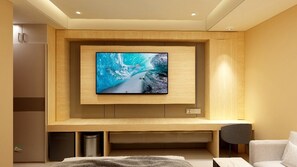 Un soggiorno moderno con una grande TV a schermo piatto montata su una parete in legno, una zona salotto con un divano e una poltrona, e un piccolo cestino.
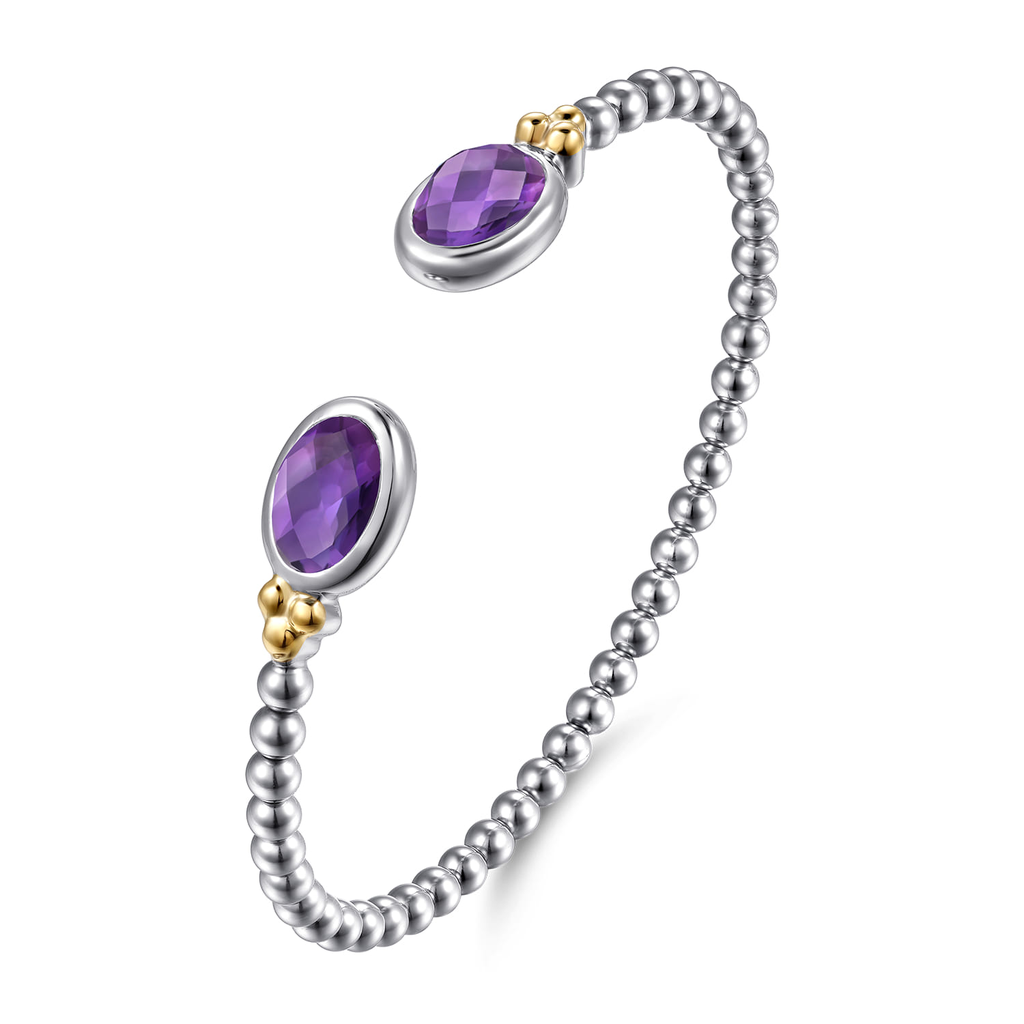 Silver beaded bracelet with purple gemstones on a white background
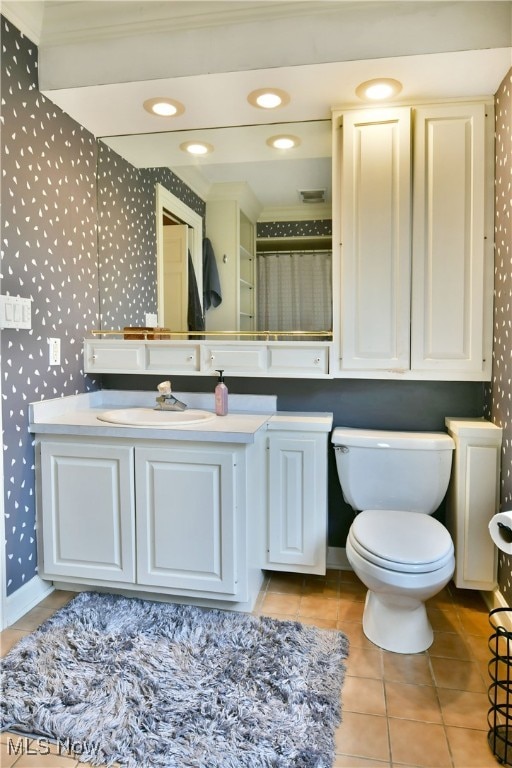 bathroom with crown molding, vanity, toilet, and tile patterned floors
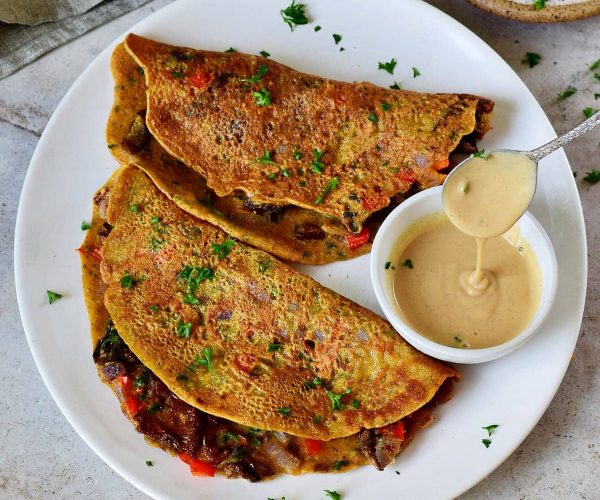 2-vegan-omelette-on-white-plate-with-creamy-dressing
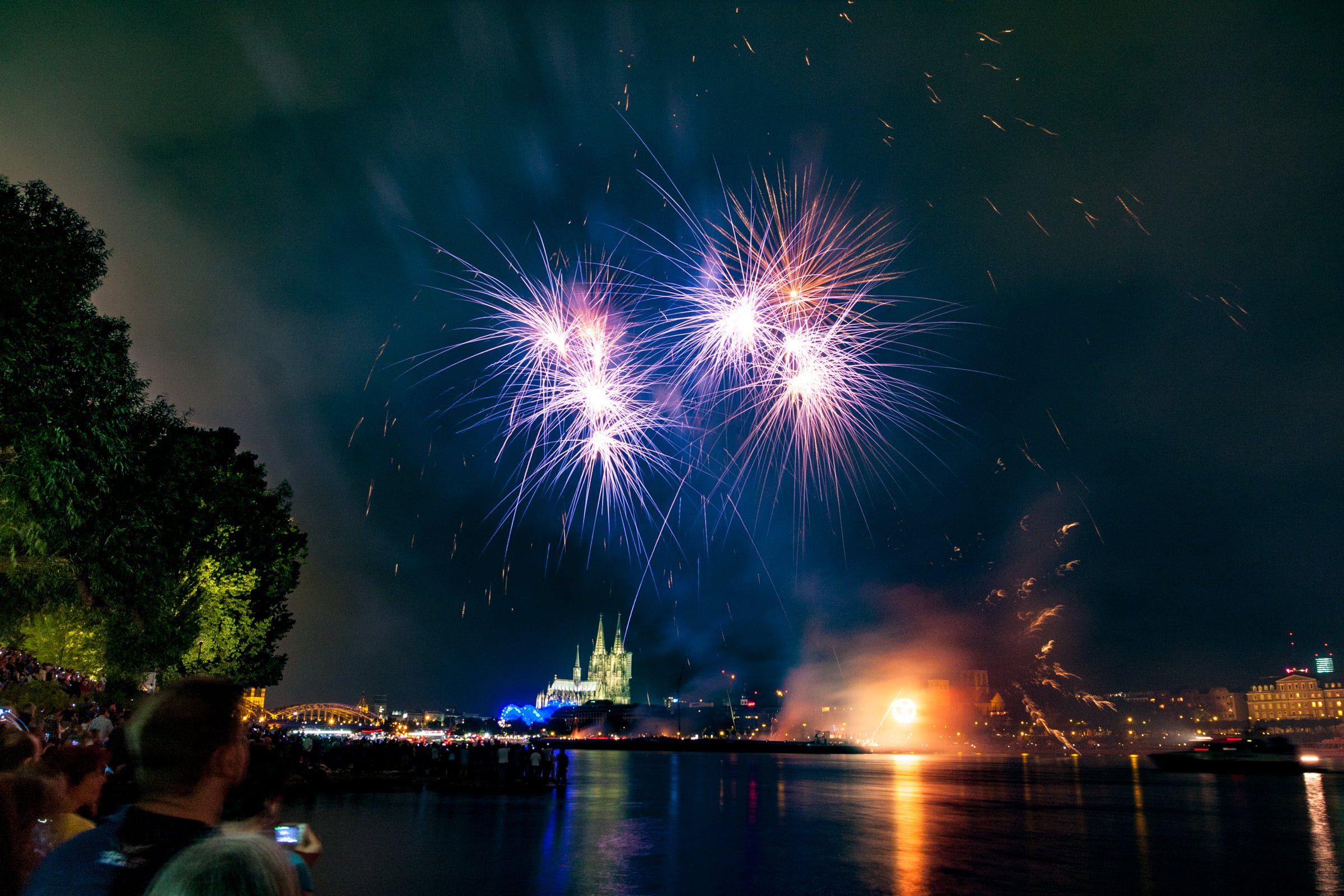 Long exposure of purple fireworks over the Rhine with the Cologne Cathedral.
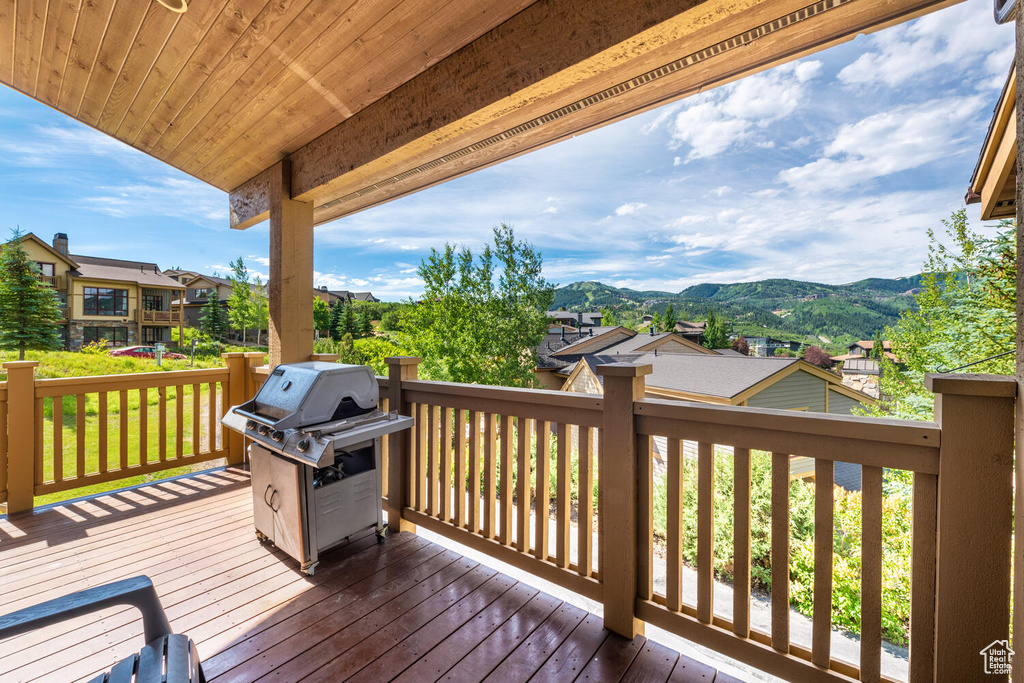 Wooden deck with area for grilling and a mountain view
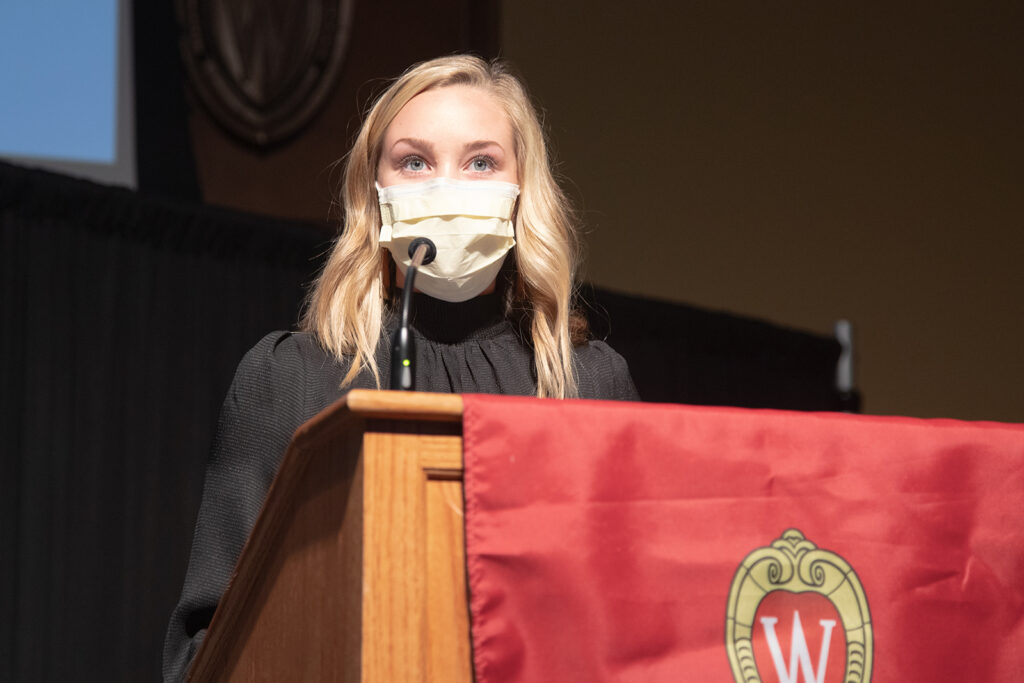 Speaker at podium for white coat ceremony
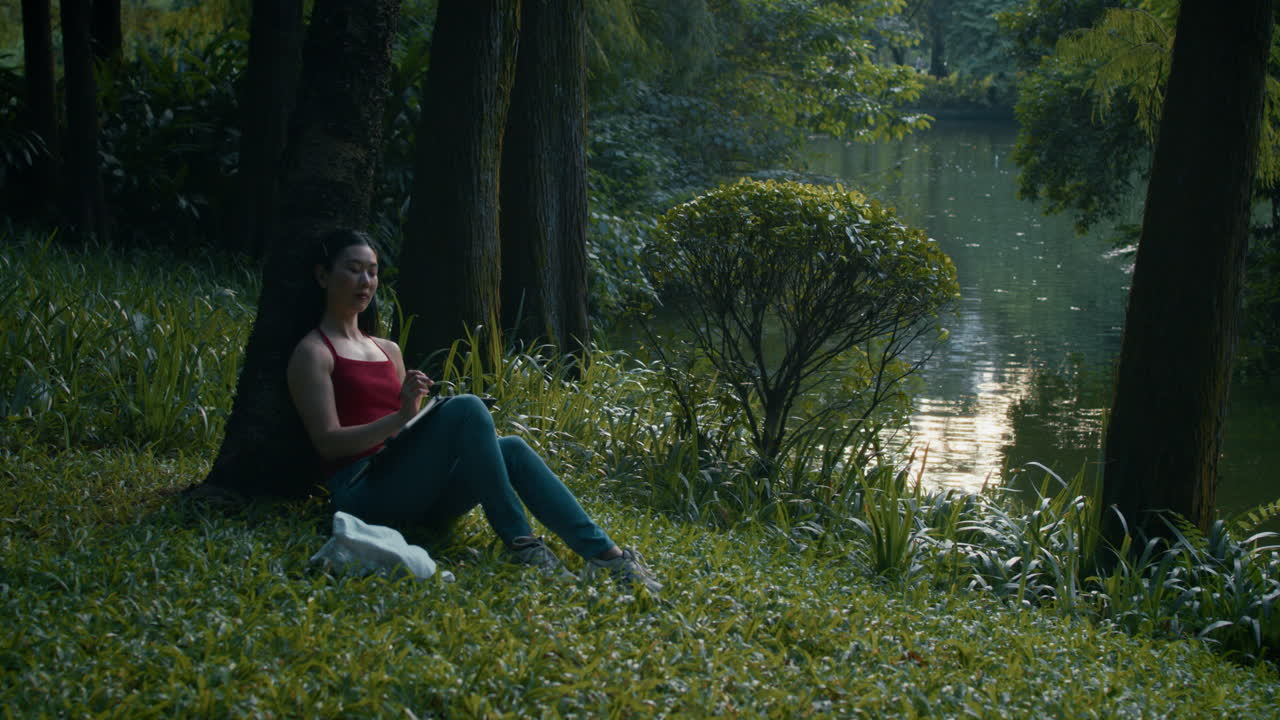 Donna che scrive in un parco in riva a un lago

####

Problem statement:
What you return should be only the exact lines from the top of the entries through the line with "2-vegan-omelette-on-white-plate-with-creamy-dressing", minus the pictures.

Expected answer:
 Un soggiorno moderno con una grande TV a schermo piatto montata su una parete in legno, una zona salotto con un divano e una poltrona, e un piccolo cestino.
 Silver beaded bracelet with purple gemstones on a white background
 bathroom with crown molding, vanity, toilet, and tile patterned floors
 2-vegan-omelette-on-white-plate-with-creamy-dressing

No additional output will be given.